IEEE Trans Nanobioscience. 2018 Jul;17(3):251-259. doi: 10.1109/TNB.2018.2851997. Epub 2018 Jul 2.
This paper demonstrates the ability of mach- ine learning approaches to identify a few genes among the 23,398 genes of the human genome to experiment on in the laboratory to establish new drug mechanisms. As a case study, this paper uses MDA-MB-231 breast cancer single-cells treated with the antidiabetic drug metformin. We show that mixture-model-based unsupervised methods with validation from hierarchical clustering can identify single-cell subpopulations (clusters). These clusters are characterized by a small set of genes (1% of the genome) that have significant differential expression across the clusters and are also highly correlated with pathways with anticancer effects driven by metformin. Among the identified small set of genes associated with reduced breast cancer incidence, laboratory experiments on one of the genes, CDC42, showed that its downregulation by metformin inhibited cancer cell migration and proliferation, thus validating the ability of machine learning approaches to identify biologically relevant candidates for laboratory experiments. Given the large size of the human genome and limitations in cost and skilled resources, the broader impact of this work in identifying a small set of differentially expressed genes after drug treatment lies in augmenting the drug-disease knowledge of pharmacogenomics experts in laboratory investigations, which could help establish novel biological mechanisms associated with drug response in diseases beyond breast cancer.
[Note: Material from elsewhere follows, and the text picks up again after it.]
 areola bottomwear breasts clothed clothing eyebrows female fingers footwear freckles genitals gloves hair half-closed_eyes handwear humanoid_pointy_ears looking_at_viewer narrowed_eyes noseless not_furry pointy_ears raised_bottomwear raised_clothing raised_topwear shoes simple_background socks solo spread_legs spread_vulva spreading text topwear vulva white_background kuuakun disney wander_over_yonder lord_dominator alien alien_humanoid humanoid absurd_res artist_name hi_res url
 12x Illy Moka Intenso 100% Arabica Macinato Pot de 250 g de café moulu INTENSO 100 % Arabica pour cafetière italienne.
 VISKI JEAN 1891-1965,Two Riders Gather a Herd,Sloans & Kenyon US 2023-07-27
本文展示了机器学习方法在人类基因组的 23398 个基因中识别少数几个基因进行实验室实验,以建立新的药物机制的能力。作为一个案例研究,本文使用了接受抗糖尿病药物二甲双胍治疗的 MDA-MB-231 乳腺癌单细胞。我们表明,基于混合模型的无监督方法与层次聚类的验证可以识别单细胞亚群(簇)。这些簇的特征是一小部分基因(基因组的 1%),它们在簇之间具有显著的差异表达,并且与二甲双胍驱动的具有抗癌作用的途径高度相关。在所识别的与降低乳腺癌发病率相关的一小部分基因中,对其中一个基因 CDC42 的实验室实验表明,二甲双胍下调该基因抑制了癌细胞的迁移和增殖,从而验证了机器学习方法识别生物学相关候选物进行实验室实验的能力。鉴于人类基因组的庞大规模以及成本和熟练资源的限制,这项工作在药物治疗后识别一小部分差异表达基因方面的更广泛影响在于增强了药物基因组学专家在实验室研究中的药物疾病知识,这有助于建立与乳腺癌以外疾病的药物反应相关的新的生物学机制。